• _WORK REQUEST_
Your task is to reproduce the listing exactly, without its images.

[Opening DATA FOR PROCESSING section]

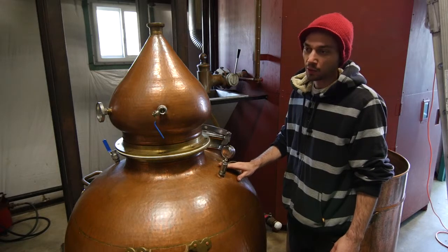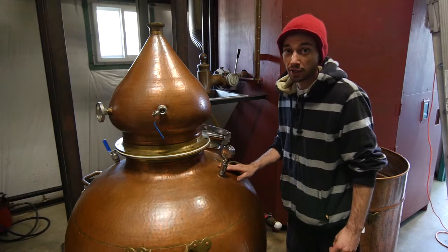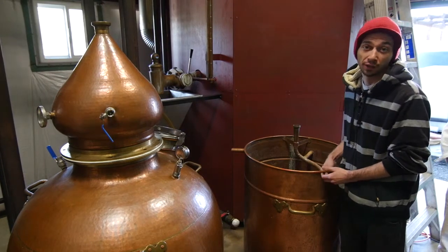A good reason why we're using this 200-liter Hoga still versus a Holstein still to re-distill our infusions is that this condenser right here gives us much better control over the condensation temperature and the output to deal with our most delicate flavors.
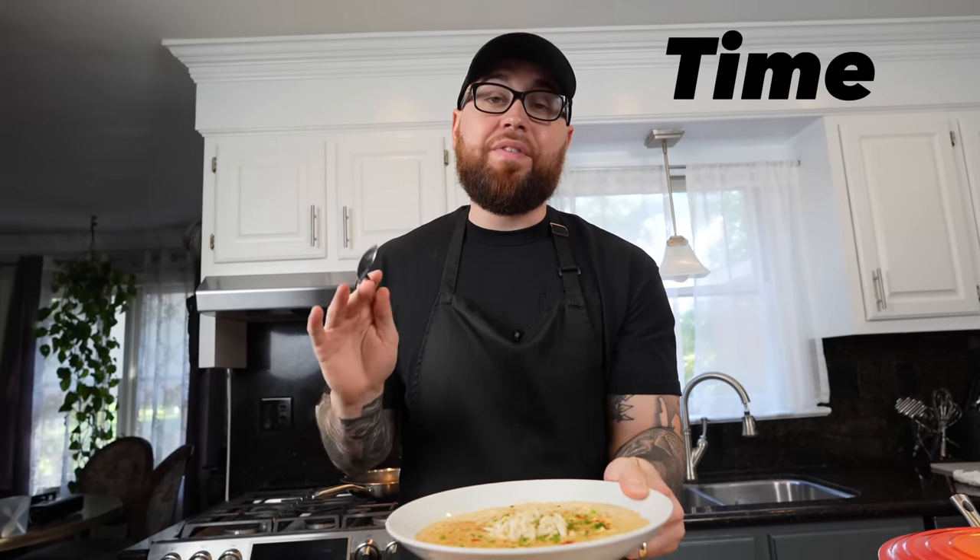She Crab Soup is my all-time favorite soup, and today I'm going to show you how to make it. Meet me in the kitchen — let's make it happen.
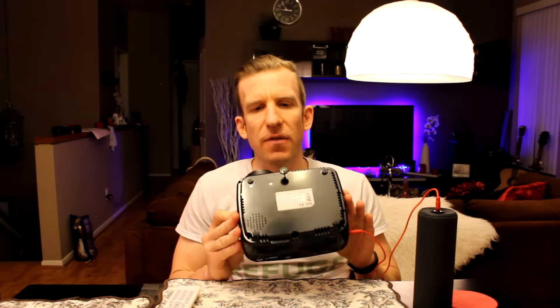Definitely a cool projector guys. I appreciate the company for sending it out for review. If this helped you in any way, a like or thumbs up on Amazon would be much appreciated. Stay tuned for more reviews — my name is Chris, subscribe so you're always up to date with what I'm reviewing next. See you in the next one, bye bye.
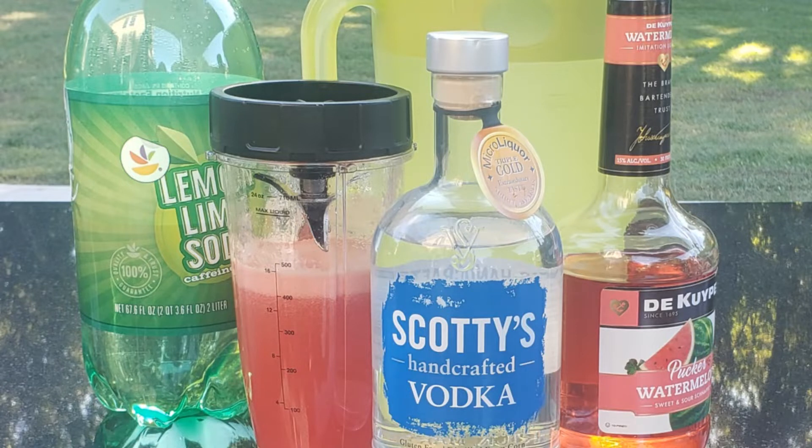To make my watermelon campfire cocktail, you'll need to mix Scotty's Vodka with ripe watermelon puree. If your blender doesn't emulsify everything, you'll want to strain it — this mixture should be perfectly smooth. You'll also need watermelon pucker and lemon-lime soda. If you want it less sweet, instead of lemon-lime soda you can use ginger ale or seltzer.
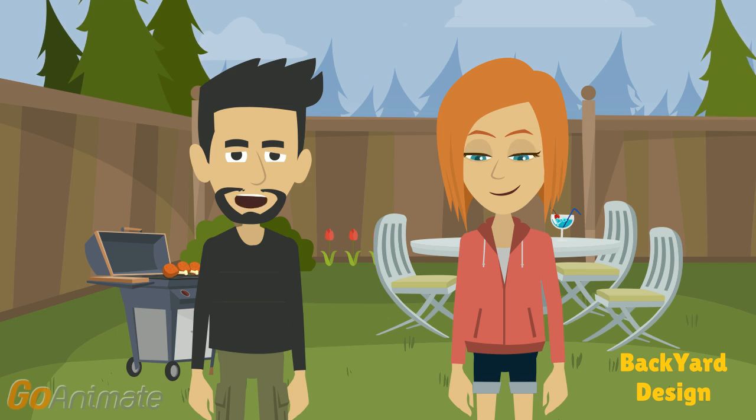One of the best is the dappled dandy pluot, which is a cross between an apricot and a plum. You can also find other trees in persimmons, figs, plums, apples, and pears.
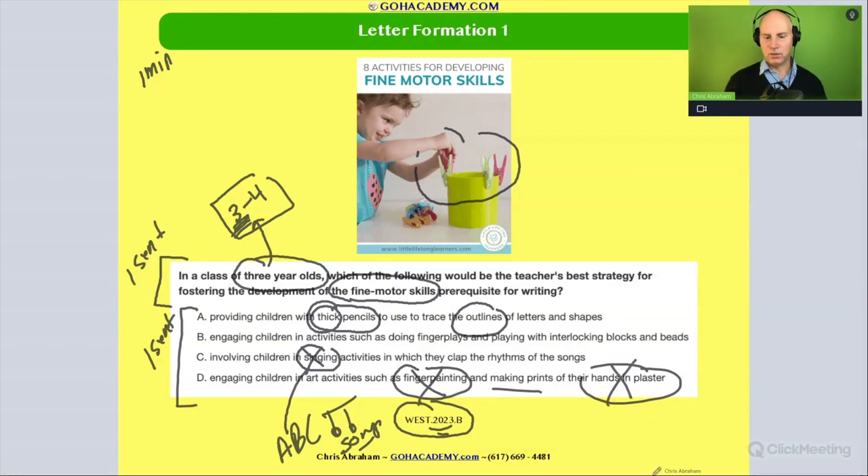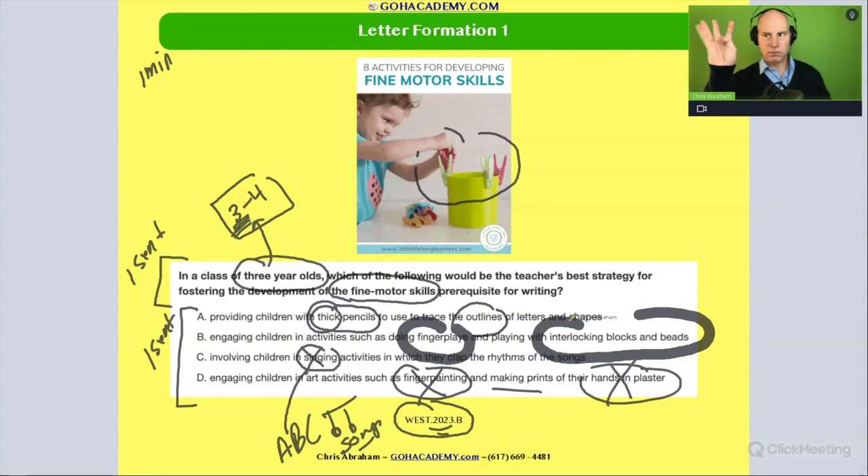So what are we left with? We're left with option B: engage children in activities such as doing finger plays and playing with interlocking blocks and beads. Think about that — they're moving their fingers, picking up things with their hands, interlocking and pulling things apart. They're building that fine motor pincer grasp. These are the things that are going to be helpful — building up that dexterity, the ability to make fine motor movements. Interlocking blocks, taking them apart, picking them up — even those little things are going to help, which will ultimately help with writing.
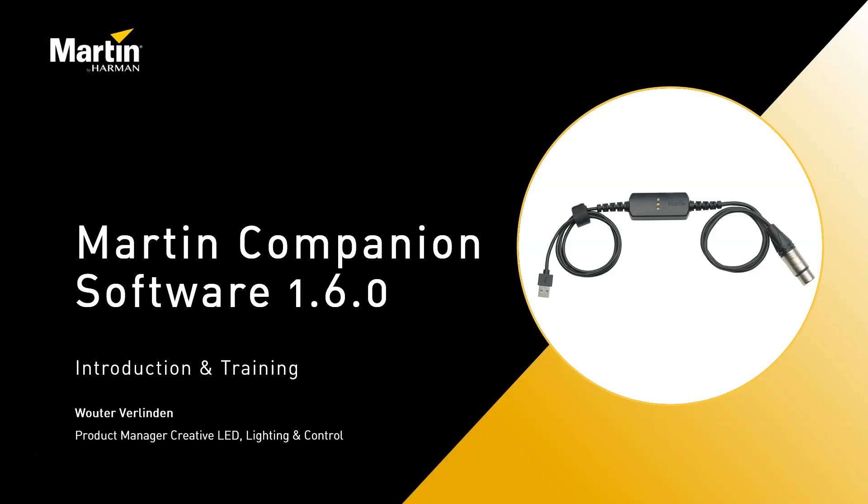Welcome to this introduction and training video for Martin Companion Software 1.6. I'm Wouter Verlinden, one of the product managers here at Martin.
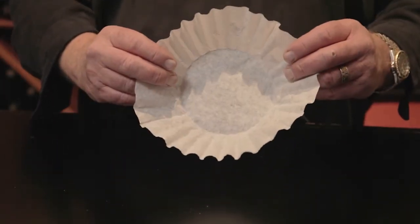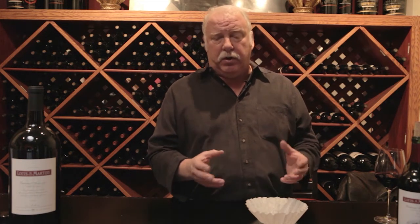And then if you still have a little haziness or you want to clarify it a little bit further, I highly recommend coffee filters. The whole point is that they're lint-free and they're acid-washed, so you won't get any flavor in the wine itself. Just make sure you clean your coffee pot first.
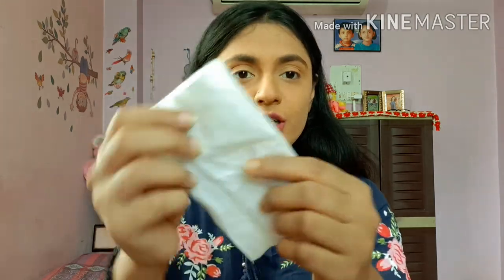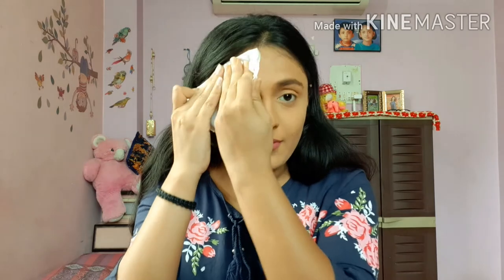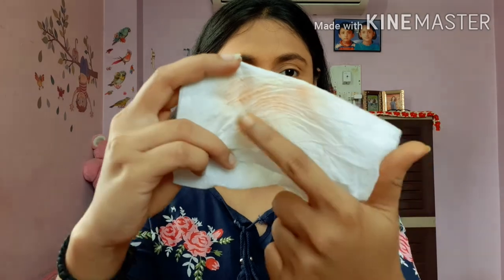It hides dark circles and pigmentation perfectly. But there is one disadvantage other YouTubers have not told you — it is not transfer proof. I will show you with a clean tissue. As you can see, it transfers easily, which is a disadvantage. Other than that, everything is very good — it blends well, is waterproof, and affordable. I highly recommend this product.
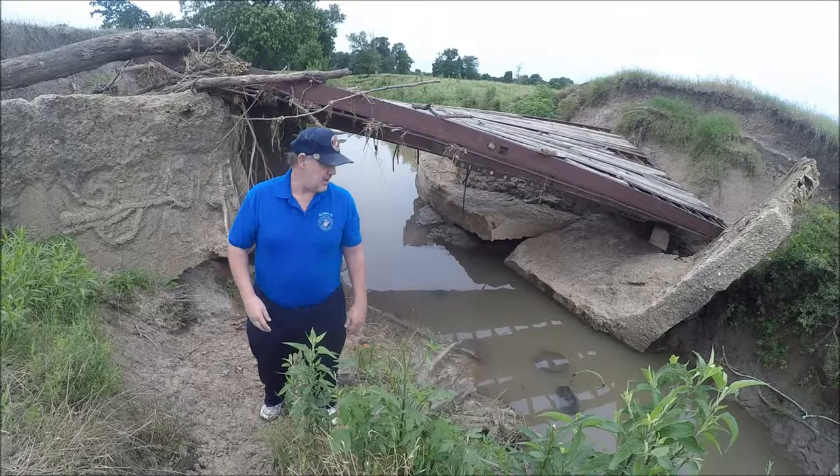All right, that's three traps set. Let's let them set for a few hours and we'll be back to check them.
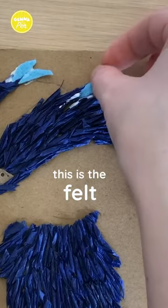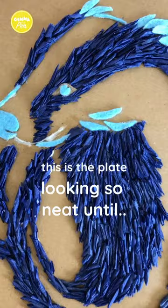This is the wire, this is the felt, this is the tissue and PVA glue, this is the plate looking so neat until polish blocks out all the beautiful blue.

[Closing DATA FOR PROCESSING section]

• _EXERCISE RESULT_
A good reason why we're using this 200-liter Hoga still versus a Holstein still to re-distill our infusions is that this condenser right here gives us much better control over the condensation temperature and the output to deal with our most delicate flavors.
She Crab Soup is my all-time favorite soup, and today I'm going to show you how to make it. Meet me in the kitchen — let's make it happen.
Definitely a cool projector guys. I appreciate the company for sending it out for review. If this helped you in any way, a like or thumbs up on Amazon would be much appreciated. Stay tuned for more reviews — my name is Chris, subscribe so you're always up to date with what I'm reviewing next. See you in the next one, bye bye.
To make my watermelon campfire cocktail, you'll need to mix Scotty's Vodka with ripe watermelon puree. If your blender doesn't emulsify everything, you'll want to strain it — this mixture should be perfectly smooth. You'll also need watermelon pucker and lemon-lime soda. If you want it less sweet, instead of lemon-lime soda you can use ginger ale or seltzer.
One of the best is the dappled dandy pluot, which is a cross between an apricot and a plum. You can also find other trees in persimmons, figs, plums, apples, and pears.
So what are we left with? We're left with option B: engage children in activities such as doing finger plays and playing with interlocking blocks and beads. Think about that — they're moving their fingers, picking up things with their hands, interlocking and pulling things apart. They're building that fine motor pincer grasp. These are the things that are going to be helpful — building up that dexterity, the ability to make fine motor movements. Interlocking blocks, taking them apart, picking them up — even those little things are going to help, which will ultimately help with writing.
Welcome to this introduction and training video for Martin Companion Software 1.6. I'm Wouter Verlinden, one of the product managers here at Martin.
And then if you still have a little haziness or you want to clarify it a little bit further, I highly recommend coffee filters. The whole point is that they're lint-free and they're acid-washed, so you won't get any flavor in the wine itself. Just make sure you clean your coffee pot first.
It hides dark circles and pigmentation perfectly. But there is one disadvantage other YouTubers have not told you — it is not transfer proof. I will show you with a clean tissue. As you can see, it transfers easily, which is a disadvantage. Other than that, everything is very good — it blends well, is waterproof, and affordable. I highly recommend this product.
All right, that's three traps set. Let's let them set for a few hours and we'll be back to check them.
This is the wire, this is the felt, this is the tissue and PVA glue, this is the plate looking so neat until polish blocks out all the beautiful blue.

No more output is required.